**WORK ITEM**:
The result should be an exact copy of the entries that follow, with no pictures included.

**EXERCISE INPUTS**:
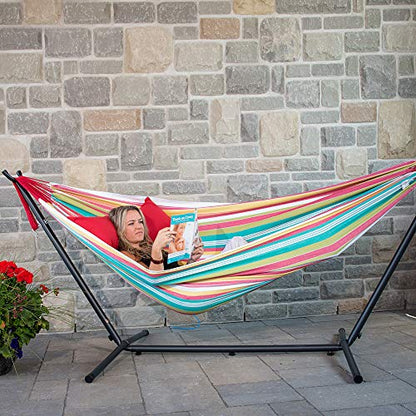 Vivere Double Hammock with Space Saving Steel Stand, Natural (450 lb Capacity - Premium Carry Bag Included)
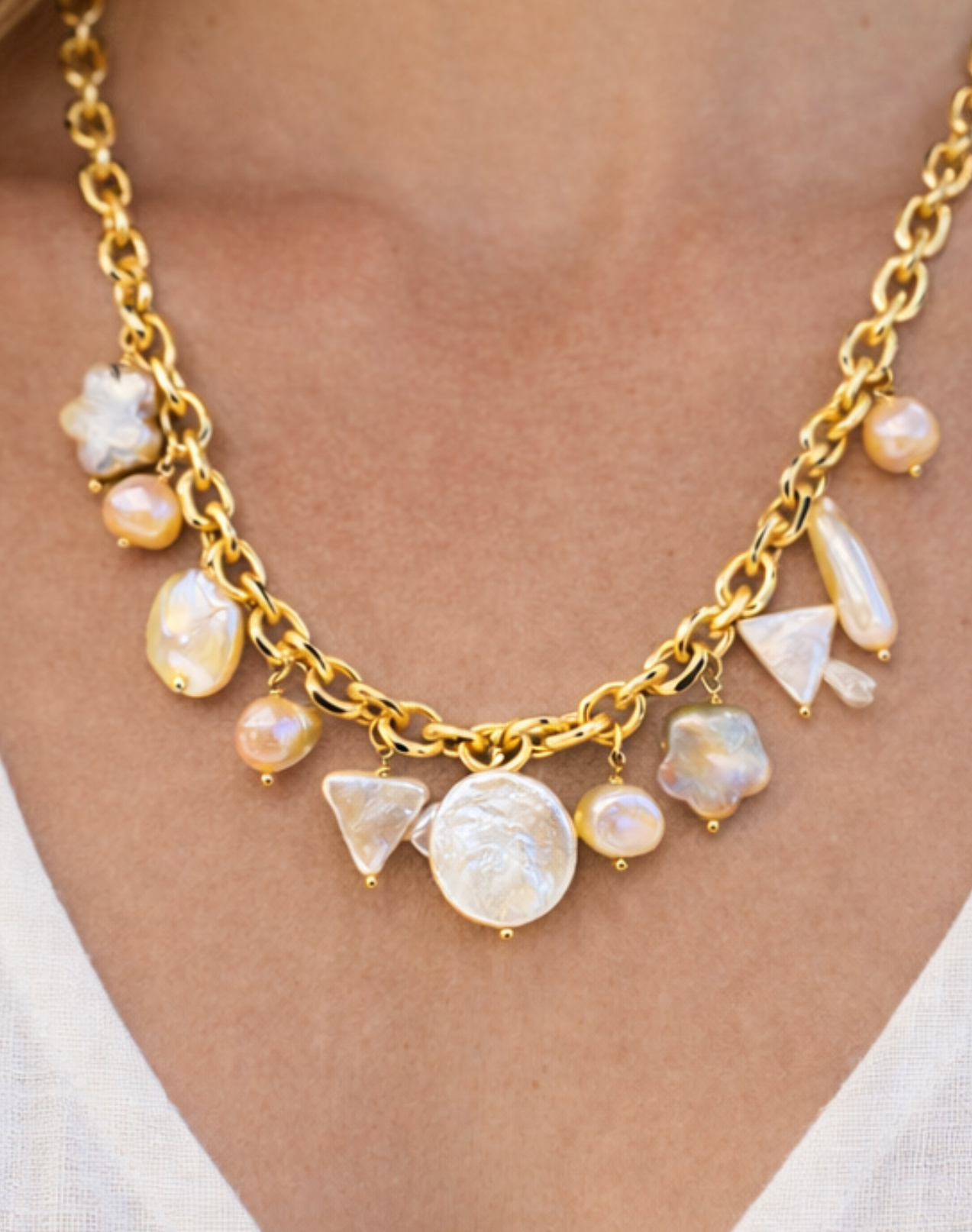 Sunset Baroque Pearl Necklace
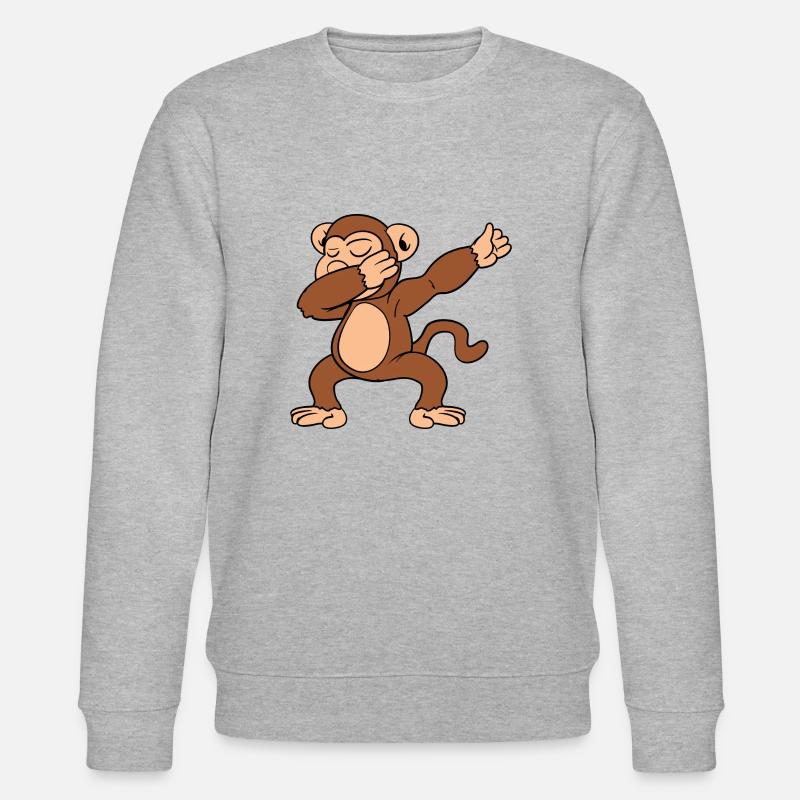 Dabbing Dab dancing monkey - Stanley/Stella CHANGER Unisex Organic Sweatshirt - heather grey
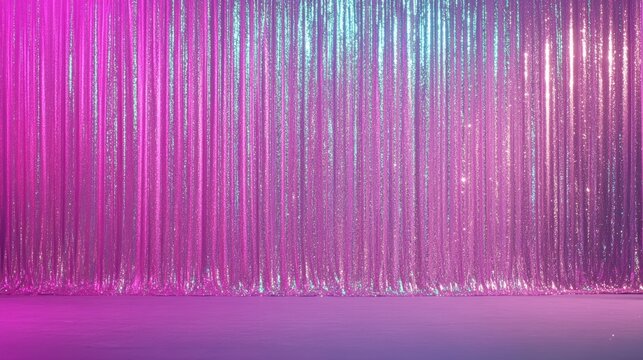 Sparkling pink tinsel background for festive glamorous events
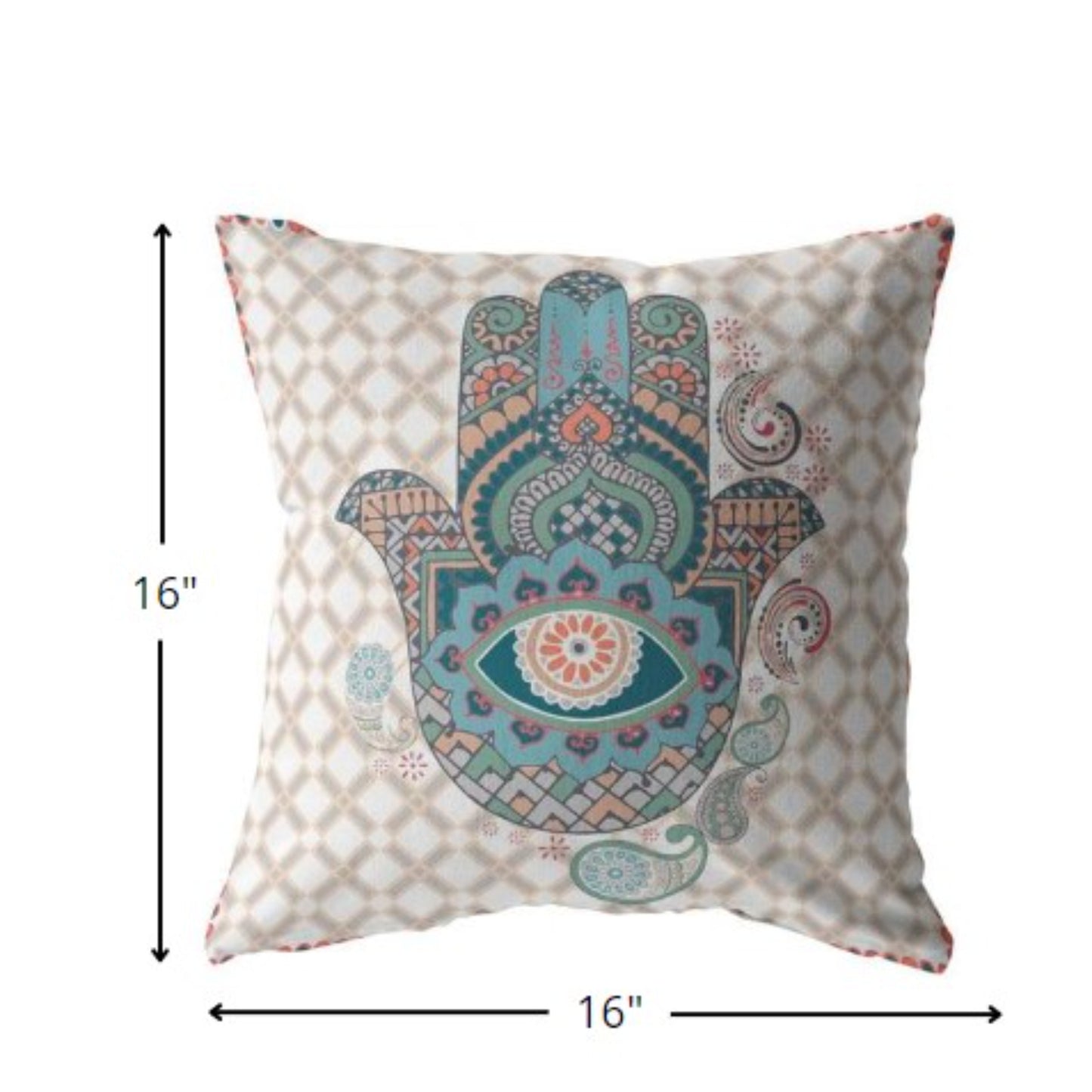 16” Blue Gray Hamsa Boho Suede Throw Pillow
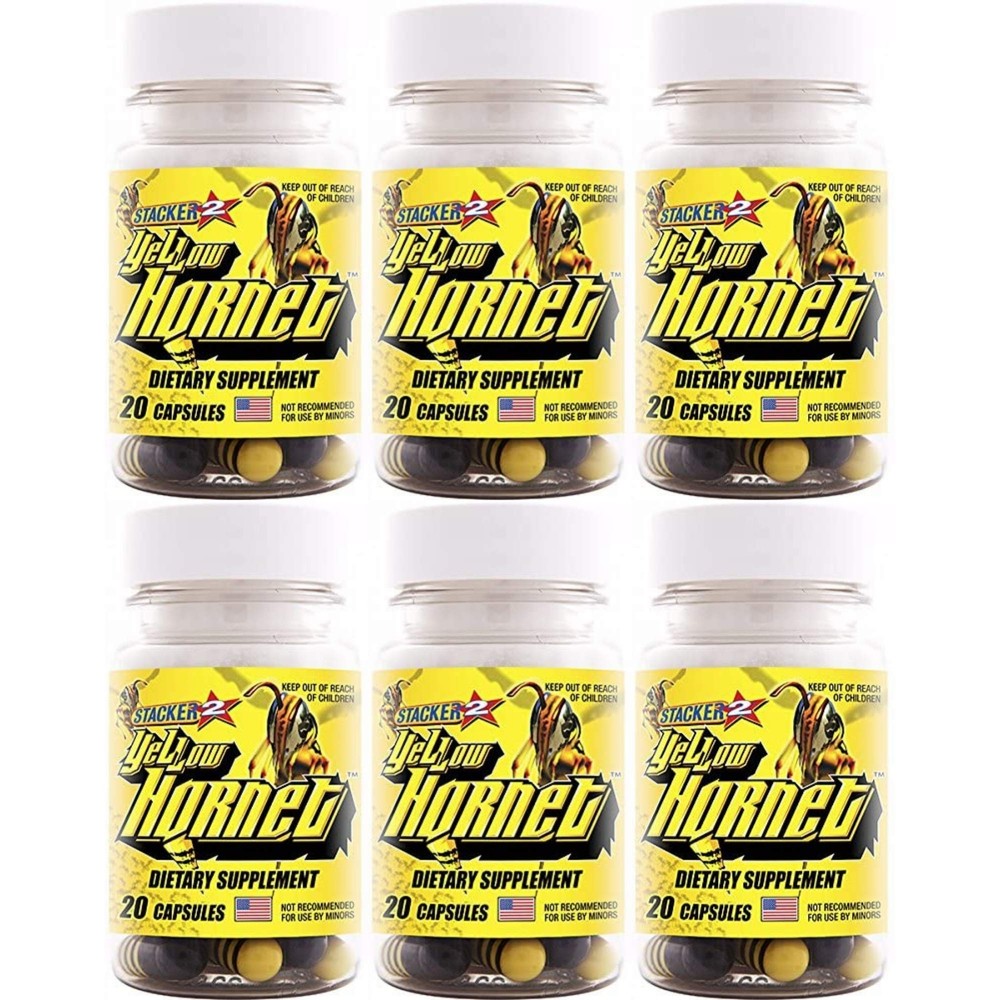 Yellow Hornet Nutritional Supplement 20 Count Pack of 6 Energy Booster Pills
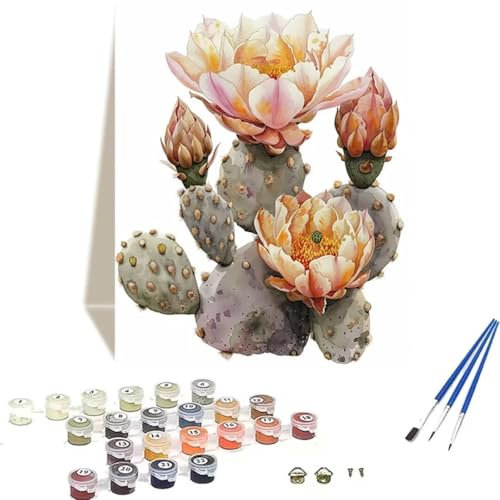 LUOLYYEI Malen Nach Zahlen Erwachsene 100 x 135 cm Kleines Format - Malen Nach Zahlen Kinder Blume - Kaktus Paint by Numbers Basteln DIY Bastelset Leinwand Als Geschenk Home Wand Dekor 3-M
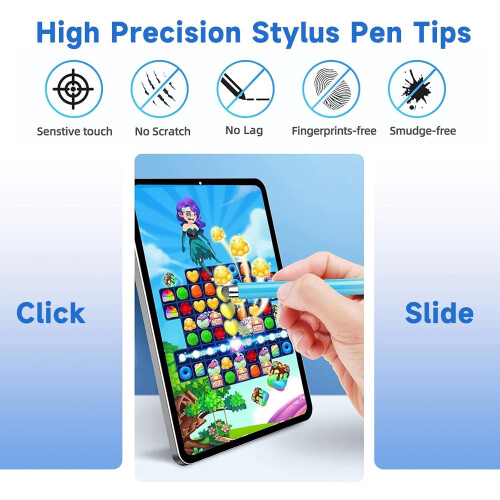 Mesh Fiber Tips (10Pack) Stylus Pen Replacement Tips Suitable for capacitive Touch Screen,High Sensitivity, 1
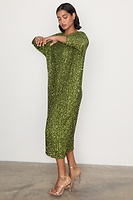 Thumbnail for caption_Model wears Olive Sequin Jem Dress in UK size S/M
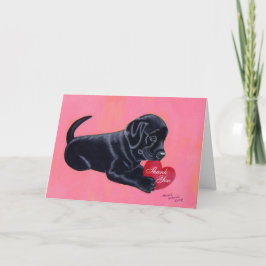 Tarjeta de agradecimiento a Black Labrador Puppy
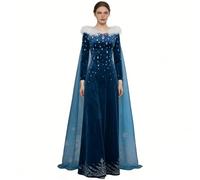 New front Vestido Adulto de la Princesa Elsa Frozen Disfraz Invierno para Mujer Costume con Capa Elegante Manga Larga Cosplay Carnaval Fiesta Costume Navidad Cumpleaños,Azul,M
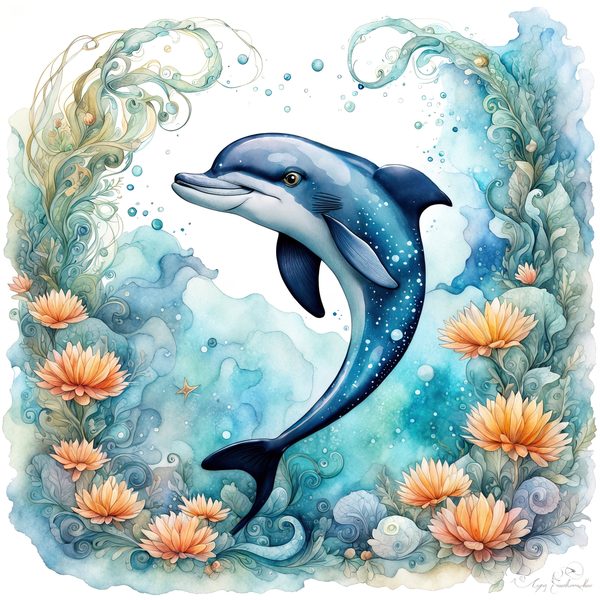 Watercolor Dolphin Clipart: Boho Coastal Wreath (Digital Print) — image 6
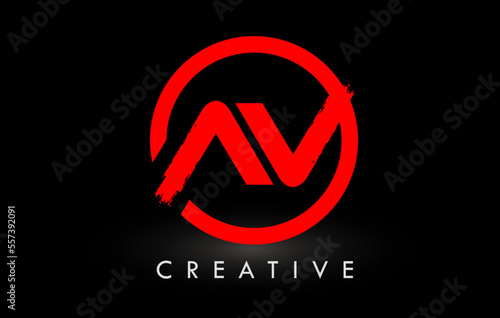 Red AV Brush Letter Logo Design. Creative Brushed Letters Icon Logo.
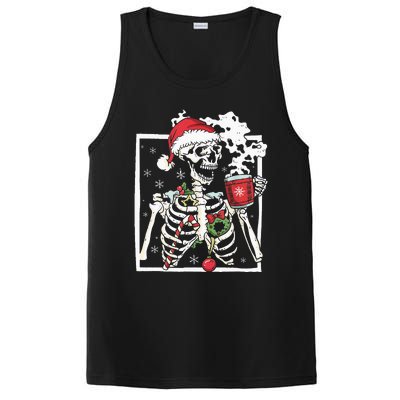 Christmas Skeleton With Smiling Skull Drinking Coffee Latte PosiCharge Competitor Tank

**EXERCISE OUTPUT**:
 Vivere Double Hammock with Space Saving Steel Stand, Natural (450 lb Capacity - Premium Carry Bag Included)
 Sunset Baroque Pearl Necklace
 Dabbing Dab dancing monkey - Stanley/Stella CHANGER Unisex Organic Sweatshirt - heather grey
 Sparkling pink tinsel background for festive glamorous events
 16” Blue Gray Hamsa Boho Suede Throw Pillow
 Yellow Hornet Nutritional Supplement 20 Count Pack of 6 Energy Booster Pills
 LUOLYYEI Malen Nach Zahlen Erwachsene 100 x 135 cm Kleines Format - Malen Nach Zahlen Kinder Blume - Kaktus Paint by Numbers Basteln DIY Bastelset Leinwand Als Geschenk Home Wand Dekor 3-M
 Mesh Fiber Tips (10Pack) Stylus Pen Replacement Tips Suitable for capacitive Touch Screen,High Sensitivity, 1
 Thumbnail for caption_Model wears Olive Sequin Jem Dress in UK size S/M
 Tarjeta de agradecimiento a Black Labrador Puppy
 New front Vestido Adulto de la Princesa Elsa Frozen Disfraz Invierno para Mujer Costume con Capa Elegante Manga Larga Cosplay Carnaval Fiesta Costume Navidad Cumpleaños,Azul,M
 Watercolor Dolphin Clipart: Boho Coastal Wreath (Digital Print) — image 6
 Red AV Brush Letter Logo Design. Creative Brushed Letters Icon Logo.
 Christmas Skeleton With Smiling Skull Drinking Coffee Latte PosiCharge Competitor Tank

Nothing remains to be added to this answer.